* Extracted entries:
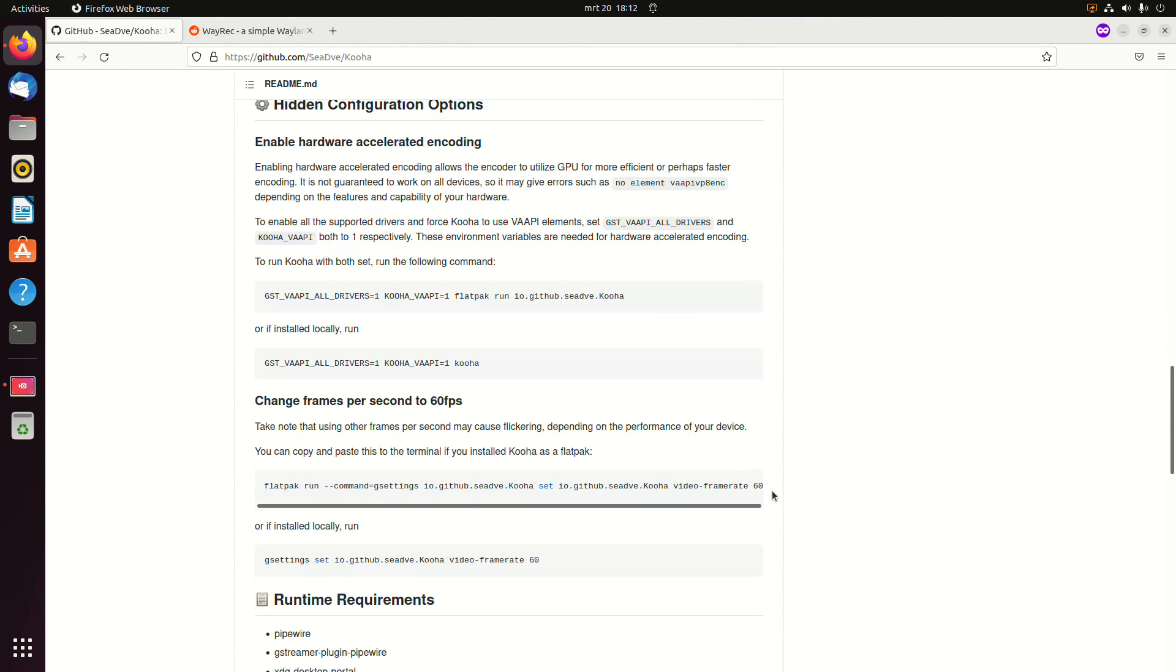So you can try to set it to 60 or even 15 when you have issues, and also depending on the frame rate of your screen.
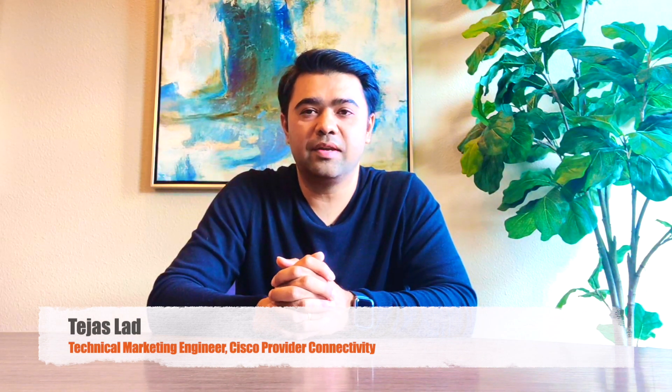My name is Tejas Lard and I am a Technical Marketing Engineer in the Cisco Provider Connectivity BU.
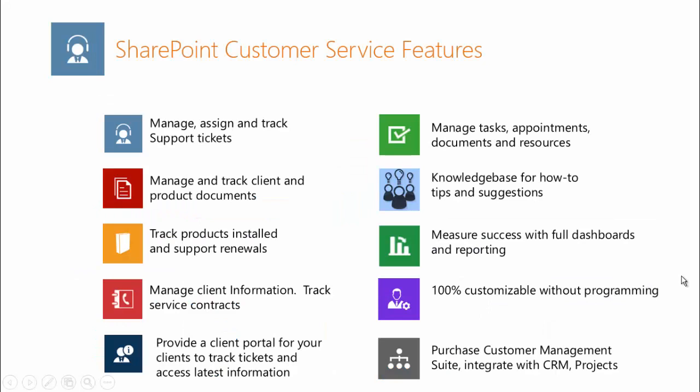SharePoint customer service includes ticketing and tracking and assigning support tickets, managing and tracking client and product documents, tracking products installed in clients and support renewals, managing client information and tracking service contracts related to those contract clients.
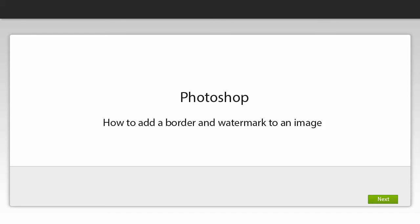Hello, my name is Susan Clunan and today I'm going to show you how to add a simple border and watermark to an image in Photoshop.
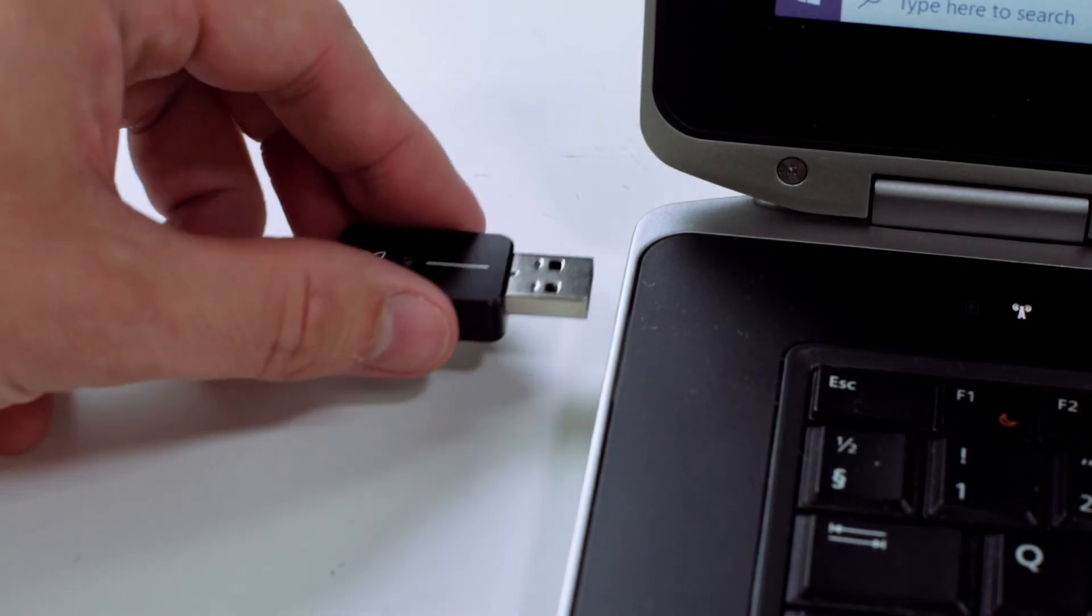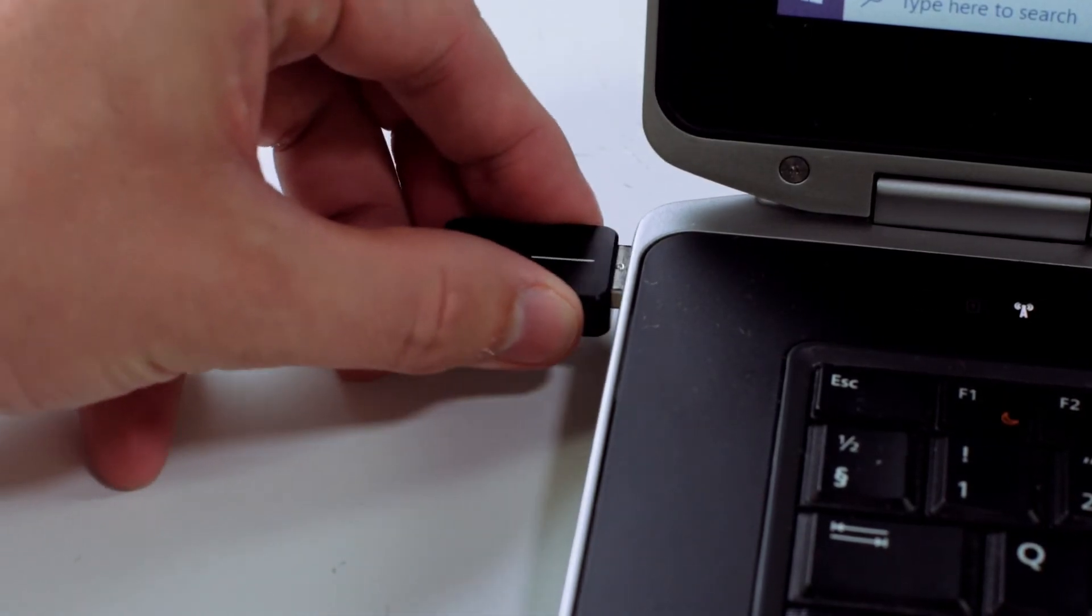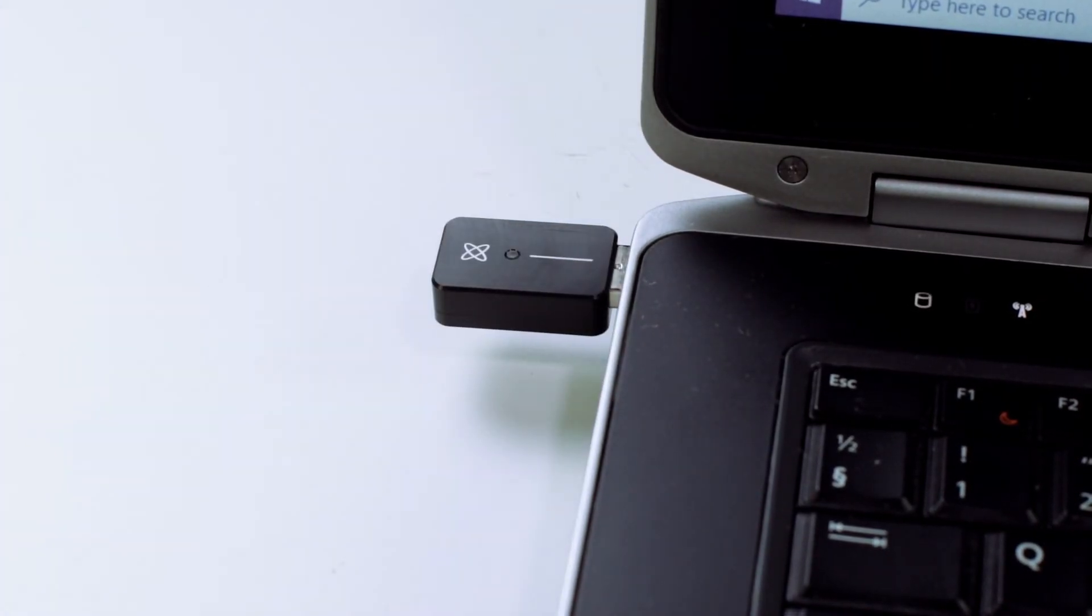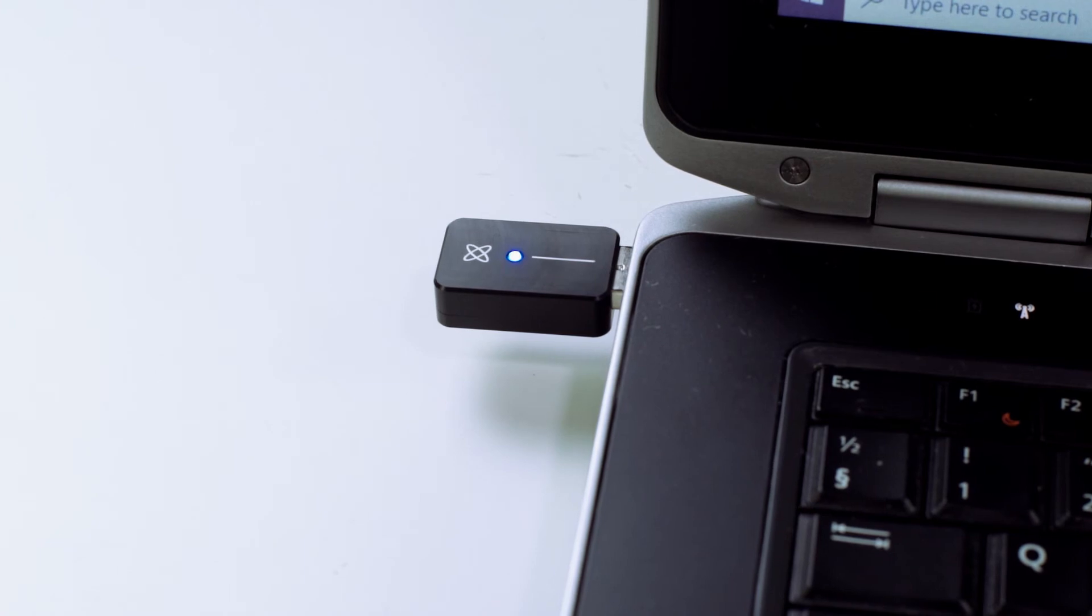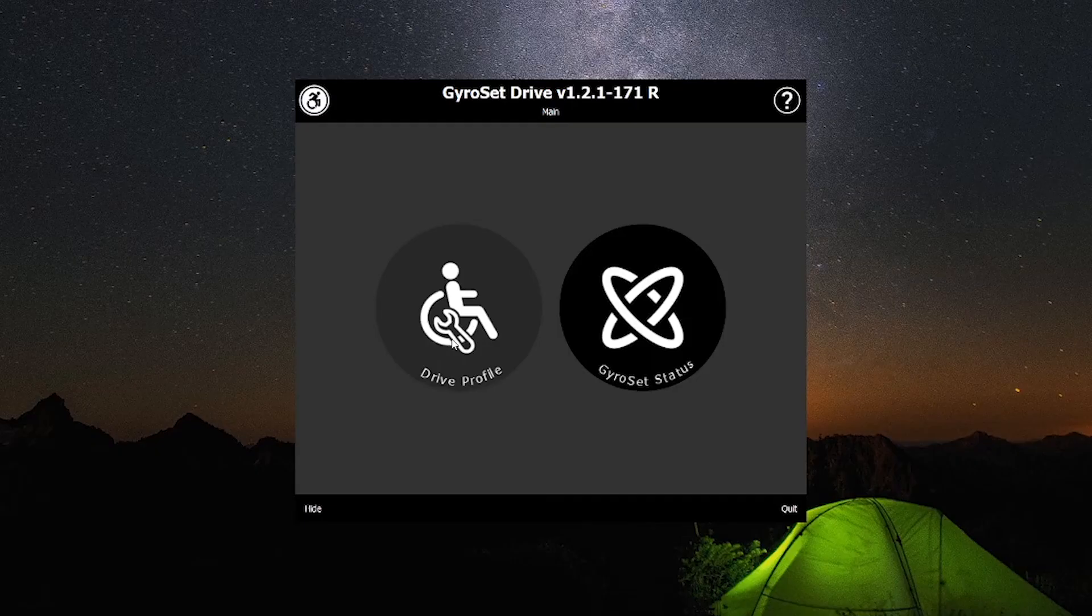Plug in the USB dongle to the computer. Wait until the light on the dongle turns continuous blue. Click on drive profile.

* Problem to solve: Please restate each entry exactly, but drop any picture it holds.

* Reply:
So you can try to set it to 60 or even 15 when you have issues, and also depending on the frame rate of your screen.
My name is Tejas Lard and I am a Technical Marketing Engineer in the Cisco Provider Connectivity BU.
SharePoint customer service includes ticketing and tracking and assigning support tickets, managing and tracking client and product documents, tracking products installed in clients and support renewals, managing client information and tracking service contracts related to those contract clients.
Hello, my name is Susan Clunan and today I'm going to show you how to add a simple border and watermark to an image in Photoshop.
Plug in the USB dongle to the computer. Wait until the light on the dongle turns continuous blue. Click on drive profile.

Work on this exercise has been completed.